On pourrait penser que l’expérience acquise, ainsi que l’histoire, permettent d’établir l’observation de
principes propres à déterminer des critères extrapolables au futur. Mais il reste que cela ne permet pas la
répétition d’une expérience aléatoire, puisque aucune de ces expériences et de ces évènements, par
définition, ne sont reproductibles dans les circonstances exactes de leur déroulement originel. Les rapports
des moyens aux fins peuvent, certes, supporter une certaine comparaison, mais la variété et la complexité
indéfinie des circonstances de tous ordres en rend l’adaptation indécidable à priori.
Risque et stratégie
Le processus de décision peut alors encore intégrer un calcul rationnel des risques, à condition de ramener
le champ de réflexion aux seules conséquences envisagées de la décision – ce que permet uniquement
une analyse stratégique pertinente – et de construire une distribution de probabilité sur ces conséquences.
Cette distribution ne pouvant s’appuyer sur une base statistique objective, le décideur définit lui-même la
distribution de probabilité sur les résultats possibles de son action ; il la définit en fonction de ses
informations et de son intuition ; il la définit même en tenant compte de l’influence de son propre
positionnement et des perturbations qu’il introduit dans la réalité observée.
Une fois de plus, nous sommes en mesure de constater que le véritable nerf de la guerre, c’est
l’information, le renseignement. Les systèmes de gestion de l’information et de management des
connaissances sont à cet égard déterminants, même s’ils ne suffisent pas en eux-mêmes.

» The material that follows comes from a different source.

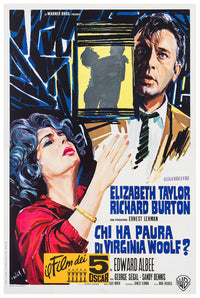 Who's Afraid of Virginia Woolf 1966 - Richard Burton - Italy - Classic Movie Poster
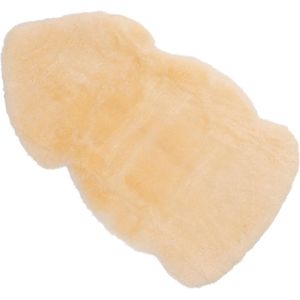 Warme medicinale lamsvacht voor baby's – Perfecte kruipmat en babytapijt in naturel goudgeel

La décision ultime : une affaire d’homme
La juste mesure du risque ne saurait en effet faire abstraction de la variété des comportements des
décideurs face au risque ; ils doivent être pris en compte comme facteurs psychologiques et sociologiques
de la décision. La palette va de l'aversion, qui consiste à moins craindre l'erreur que le risque, à la
propension, qui consiste à vouloir tout ou rien.
Mais une fois sorti du raisonnement, une fois "reconnecté" à sa réalité psychologique, il reste l’incertitude et
l’appréhension, quoi qu’on y fasse. C’est alors la maturité et la solidité des hommes qui sont, en derniers
ressorts, les facteurs déterminants de l’absorption – ou non – des risques.